2024 federal budget highlights

The Canadian government presented the 2024 federal budget on April 16, and it contains several proposals of interest to Canadians. Here are the highlights of the budget proposals.

Capital gains inclusion rate to increase

Currently, the capital gains inclusion is 50%, meaning half of any capital gain is taxable, and the other half is tax free. The budget proposes to increase the capital gains inclusion rate to two-thirds for corporations and trusts, as well as for the portion of capital gains realized by individuals in a year that exceed $250,000.

Making first-home ownership more achievable

The budget proposes to increase the amount that homebuyers can withdraw from their RRSP to buy their first home. The Home Buyers’ Plan previously had a limit of $35,000, but the budget proposes that this be increased considerably, to $60,000. The repayment period (within which the whole amount withdrawn must be repaid into an RRSP) is being extended by three years, for anyone who withdraws from the Home Buyers’ Plan between January 1, 2022 and December 31, 2025.  

Tax incentives for small and medium businesses

The Lifetime Capital Gains Exemption will increase by 25% to $1.25 million, which will bring a considerable tax benefit to many entrepreneurs when they come to sell their business. A new Canada Carbon Rebate will provide an automatic refundable tax credit to eligible businesses, based on how many employees they have. The budget proposes to increase the Capital Cost Allowance rate for new eligible purpose-built rental housing from 4% to 10%, allowing owners to claim larger deductions.

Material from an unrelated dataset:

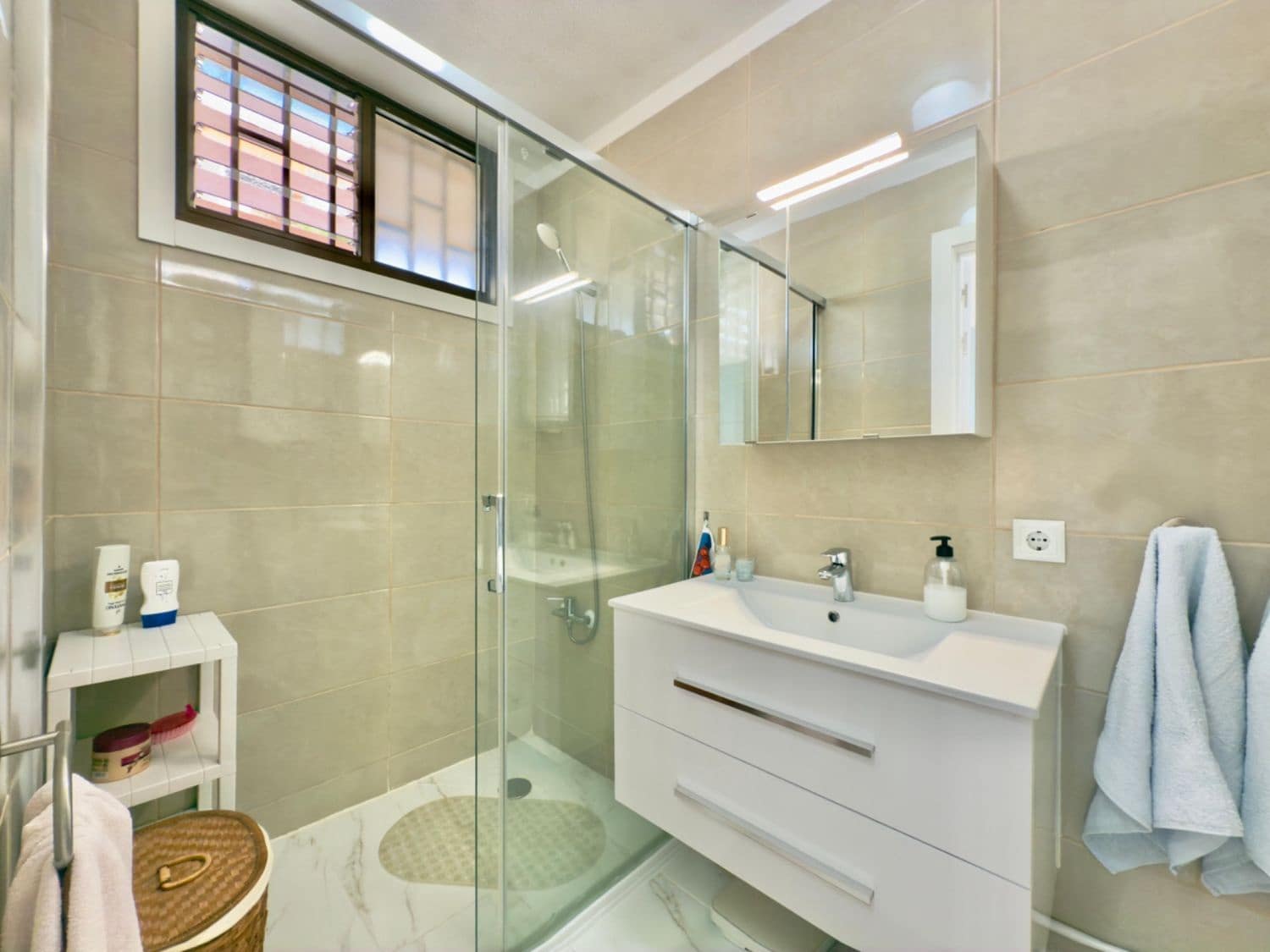 1 soveværelse Lejlighed til salg i Los Cristianos med swimmingpool garage - € 425.000 (Ref: 9197381)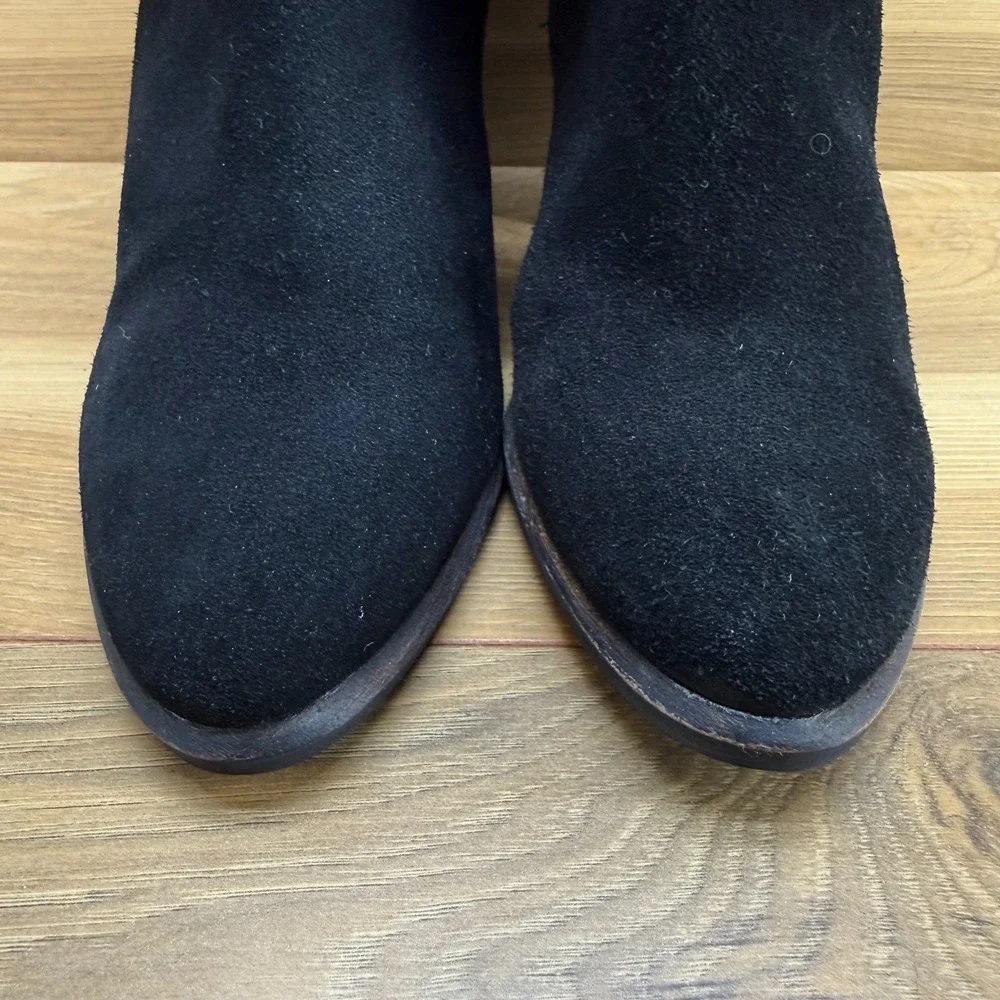 UGG Charlee Heeled Bootie Womens 7 Black Suede Zip Stacked Heel Festival Chic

AMT rule changes are good news

The Alternative Minimum Tax (AMT) is a parallel tax calculation that allows fewer tax credits, deductions and exemptions than with ordinary personal income tax rules. The budget proposes further changes to the AMT rules, which include increasing the charitable tax credit to 80% (from 50%) and fully allowing deductions for GIS, social assistance and workers’ compensation payments.